### Problem:
In the entries below, which lines run from the one containing "Fashion 55cm Reborn" to the one containing "Cake Stand Riser"? Copy exactly those lines, ends included, and no others.

### Source data:
· · · · ·

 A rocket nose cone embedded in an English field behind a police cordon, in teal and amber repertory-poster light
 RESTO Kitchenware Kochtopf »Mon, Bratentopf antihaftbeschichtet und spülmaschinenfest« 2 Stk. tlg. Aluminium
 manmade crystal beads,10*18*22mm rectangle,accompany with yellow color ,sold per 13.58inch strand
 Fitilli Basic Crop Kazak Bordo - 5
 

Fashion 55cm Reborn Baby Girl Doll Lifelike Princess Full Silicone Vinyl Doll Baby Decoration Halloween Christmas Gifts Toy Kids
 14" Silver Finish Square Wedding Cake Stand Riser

· · · · ·

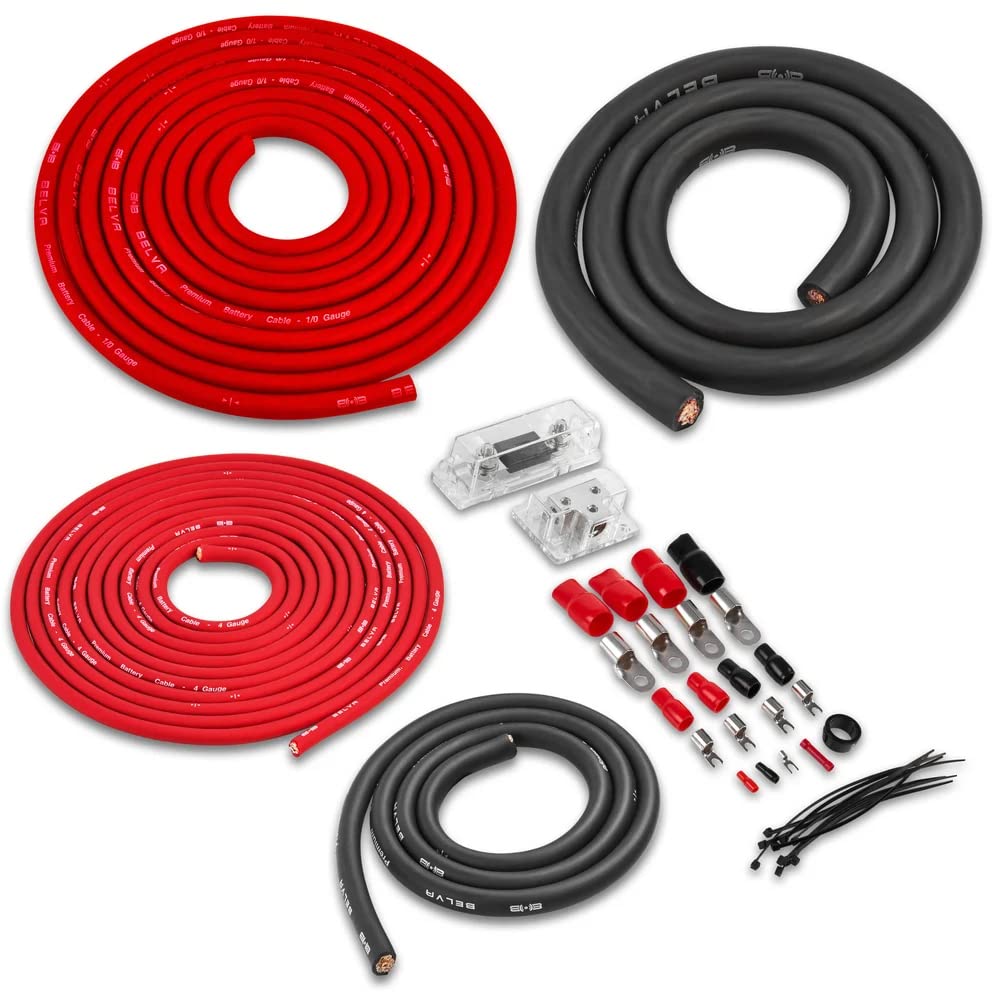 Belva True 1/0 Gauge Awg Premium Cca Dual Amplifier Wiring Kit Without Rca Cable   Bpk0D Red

· · · · ·

### Solved problem:
Fashion 55cm Reborn Baby Girl Doll Lifelike Princess Full Silicone Vinyl Doll Baby Decoration Halloween Christmas Gifts Toy Kids
 14" Silver Finish Square Wedding Cake Stand Riser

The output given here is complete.